Zuerst sind es diskontinuierliche Erinnerungsbilder, die wieder an die Oberfläche steigen und Unruhe erzeugen; dann kehrt die ehemalige Geliebte zurück, zur Femme fatale gewandelt. Sie führt ihn erneut in Versuchung und lockt ihn aus seiner behaglichen Enklave fort. Das Schicksalsmächtige der Erzählung - ein Mann kann seiner Natur nicht entkommen - setzt Kertész nicht so sehr über expressives Schauspiel um. Vielmehr inszeniert er fatale Bewegungen durch Schneehänge und stilisiert dabei die Natur zur nicht bezwingbaren Größe.

Kertész' Talent für ein aktionistisches Kino, in dem sich ein melodramatisches Geschehen entfaltet, bezeugt auch Wege des Schreckens (1921).

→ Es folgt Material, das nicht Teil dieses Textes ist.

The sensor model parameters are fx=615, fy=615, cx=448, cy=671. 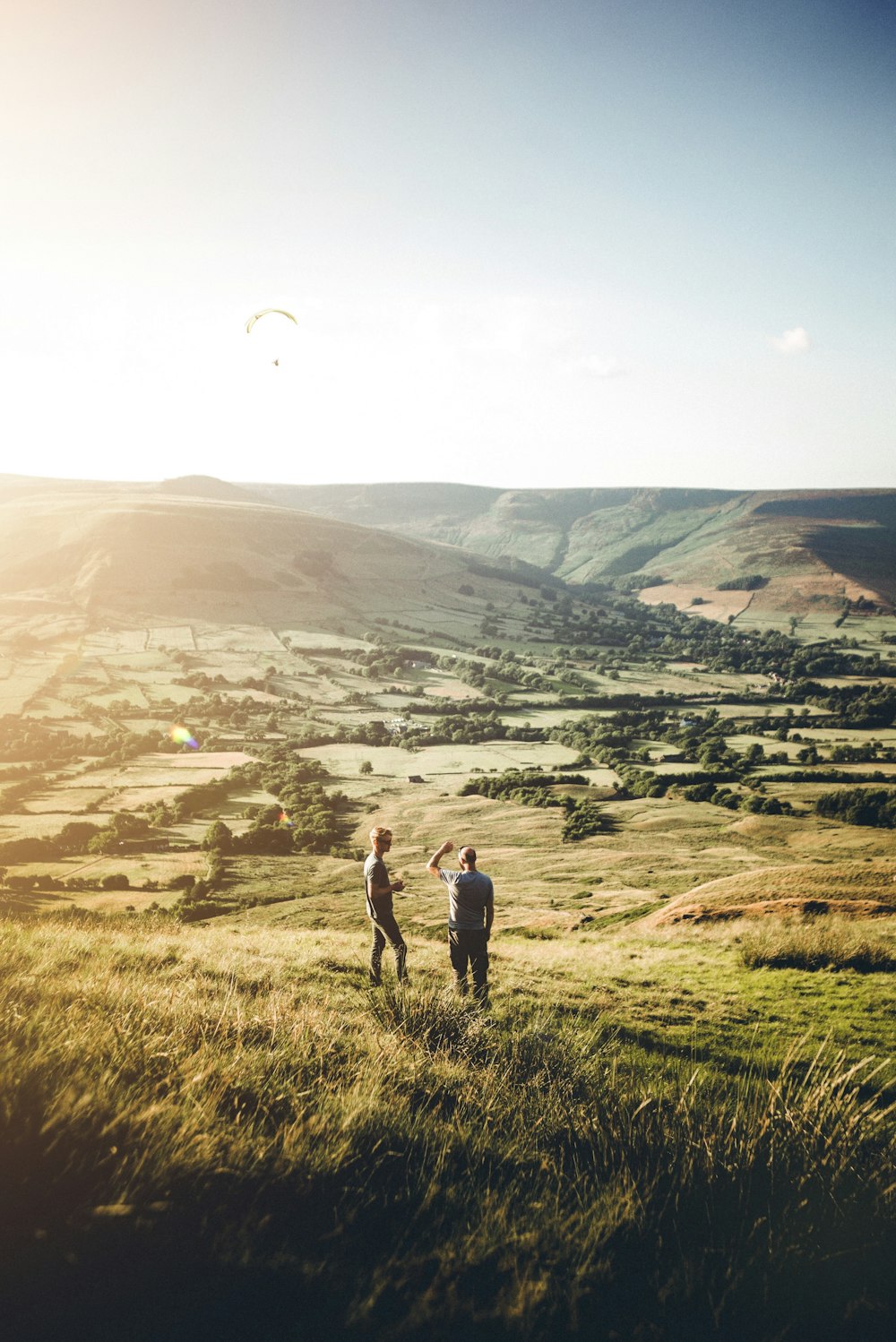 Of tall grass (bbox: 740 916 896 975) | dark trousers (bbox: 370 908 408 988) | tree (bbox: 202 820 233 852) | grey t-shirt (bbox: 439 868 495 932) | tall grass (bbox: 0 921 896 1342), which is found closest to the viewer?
tall grass (bbox: 0 921 896 1342)

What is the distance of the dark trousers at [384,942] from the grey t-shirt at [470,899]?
1087 mm

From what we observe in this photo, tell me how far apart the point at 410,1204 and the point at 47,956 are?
5.85 meters

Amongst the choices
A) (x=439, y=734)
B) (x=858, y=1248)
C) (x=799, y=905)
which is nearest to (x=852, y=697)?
(x=439, y=734)

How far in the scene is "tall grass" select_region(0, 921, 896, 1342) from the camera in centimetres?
263

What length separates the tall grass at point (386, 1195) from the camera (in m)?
2.63

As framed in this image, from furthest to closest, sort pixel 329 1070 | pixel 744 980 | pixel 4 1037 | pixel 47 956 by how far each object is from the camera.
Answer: pixel 744 980 < pixel 47 956 < pixel 329 1070 < pixel 4 1037

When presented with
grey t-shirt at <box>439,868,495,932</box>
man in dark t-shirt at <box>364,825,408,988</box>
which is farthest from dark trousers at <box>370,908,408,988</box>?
grey t-shirt at <box>439,868,495,932</box>

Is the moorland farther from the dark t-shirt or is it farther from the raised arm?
the raised arm

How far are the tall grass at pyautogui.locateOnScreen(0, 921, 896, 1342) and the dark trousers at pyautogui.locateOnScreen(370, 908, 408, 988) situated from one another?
4941 millimetres

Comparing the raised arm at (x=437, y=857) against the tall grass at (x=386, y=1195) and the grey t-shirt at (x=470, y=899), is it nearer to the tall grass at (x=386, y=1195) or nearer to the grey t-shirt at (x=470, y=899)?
the grey t-shirt at (x=470, y=899)

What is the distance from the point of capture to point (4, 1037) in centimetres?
388

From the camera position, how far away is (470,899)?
380 inches

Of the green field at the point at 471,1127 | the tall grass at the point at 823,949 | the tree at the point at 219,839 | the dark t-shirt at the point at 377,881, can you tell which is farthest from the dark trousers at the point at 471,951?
the tree at the point at 219,839

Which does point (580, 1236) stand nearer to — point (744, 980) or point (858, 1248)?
point (858, 1248) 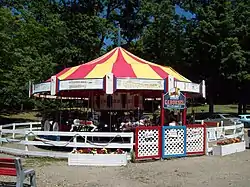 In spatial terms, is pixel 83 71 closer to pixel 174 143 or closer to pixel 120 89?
pixel 120 89

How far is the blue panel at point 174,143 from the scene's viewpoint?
47.7 feet

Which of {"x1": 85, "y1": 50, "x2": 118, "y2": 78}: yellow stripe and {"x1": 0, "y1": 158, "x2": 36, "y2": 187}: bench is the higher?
{"x1": 85, "y1": 50, "x2": 118, "y2": 78}: yellow stripe

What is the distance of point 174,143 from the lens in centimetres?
1482

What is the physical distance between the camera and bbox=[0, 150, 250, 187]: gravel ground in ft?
32.9

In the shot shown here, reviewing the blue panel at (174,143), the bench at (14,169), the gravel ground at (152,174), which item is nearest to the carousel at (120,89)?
the blue panel at (174,143)

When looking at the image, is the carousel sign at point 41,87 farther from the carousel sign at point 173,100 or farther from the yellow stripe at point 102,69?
the carousel sign at point 173,100

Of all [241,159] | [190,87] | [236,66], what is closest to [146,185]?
[241,159]

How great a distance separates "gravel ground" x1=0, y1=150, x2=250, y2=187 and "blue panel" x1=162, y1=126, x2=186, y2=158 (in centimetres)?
46

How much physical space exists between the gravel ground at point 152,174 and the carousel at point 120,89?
2.57 m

Erzählt werden die Umwege zweier ungleicher Geschwister, deren Leben sich überkreuzen, aber nie zusammenführen. Mehr noch als in Die Lawine sind es hier Schauplätze und Schauwerte, die den Film vorantreiben: Erstere forcieren die Kontraste sozialer Milieus, während Letztere - ein Zug in Flammen, ein Schlot stürzt ein - zum Ausdruck der Unmöglichkeit werden, diese zu überschreiten. Hier erahnt man, was Harry M. Warner beeindruckt haben muss. (DER STANDARD, Printausgabe, 22.02.2005)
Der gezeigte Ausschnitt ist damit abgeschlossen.